The lazy argument or idle argument (ἀργὸς λόγος) is an attempt to undermine the philosophical doctrine of fatalism by demonstrating that, if everything that happens is determined by fate, it is futile to take any kind of action. Its basic form is that of a complex constructive dilemma.

==History==
The general idea behind the lazy argument can already be found in Aristotle's De Interpretatione, chapter 9. The earliest surviving text that provides the argument in full is Cicero's On Fate 28–9. It is also presented in Origen, Against Celsus II.20, and mentioned in Pseudo-Plutarch, On Fate 574e. Seneca's Natural Questions II.38.3 provides evidence for a similar argument.

==Argument==
The argument is stated by Origen as follows:
If it is fated that you will recover from this illness, then, regardless of whether you consult a doctor or you do not consult [a doctor] you will recover. But also: if it is fated that you won't recover from this illness, then, regardless of whether you consult a doctor or you do not consult [a doctor] you won't recover. But either it is fated that you will recover from this illness or it is fated that you won't recover. Therefore it is futile to consult a doctor. The argument has force only for those who accept that what happens to people is determined by fate.

==Refutation==
The Stoic philosopher Chrysippus' refutation of the lazy argument is given in Cicero's On Fate and in Eusebius' Preparation for the Gospel. The argument, as presented by Cicero, calls upon the idea that an event is "co-fated" with other events. As in the example above, if it is fated for someone to recover from an illness, then the necessary steps towards recovery are also fated, and can be said to be co-fated along with this final event; so whilst recovery will occur, the steps towards recovery must also occur and evidently will occur if one is truly fated to recover.

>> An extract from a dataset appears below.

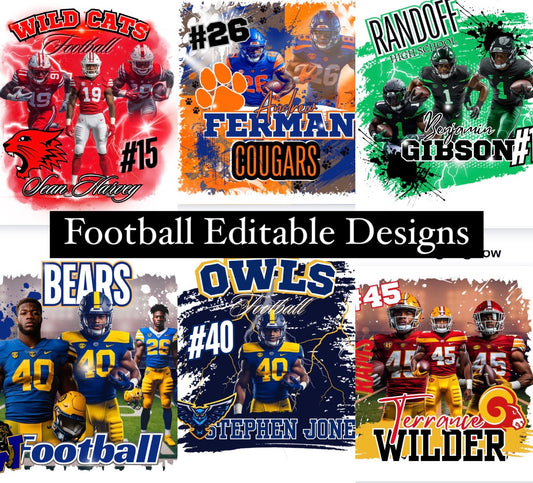 Football Editable Canva Designs For Sports Moms (6 editable designs)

The same argument is presented by Eusebius as follows:
The non-destruction of one's coat, he [Chrysippus] says, is not fated simply, but co-fated with its being taken care of, and someone's being saved from his enemies is co-fated with his fleeing those enemies; and having children is co-fated with being willing to lie with a woman. ... For many things cannot occur without our being willing and indeed contributing a most strenuous eagerness and zeal for these things, since, he says, it was fated for these things to occur in conjunction with this personal effort. ... But it will be in our power, he says, with what is in our power being included in fate.

The lazy argument has also been attacked by G. W. Leibniz, who referred to it as la raison paresseuse ('the lazy reason'). In his 1710 work Theodicy, Leibniz writes:

Men have been perplexed in well-nigh every age by a sophism which the ancients called the 'Lazy Reason', because it tended towards doing nothing, or at least towards being careful for nothing and only following inclination for the pleasure of the moment. For, they said, if the future is necessary, that which must happen will happen, whatever I may do ... But it is taking an unfair advantage of this alleged necessity of fate to employ it in excuse for our vices and our libertinism ... It is untrue that the event happens whatever one may do: it will happen because one does what leads thereto; and if the event is written beforehand, the cause that will make it happen is written also. Thus the connexion of effects and causes, so far from establishing the doctrine of a necessity detrimental to conduct, serves to overthrow it.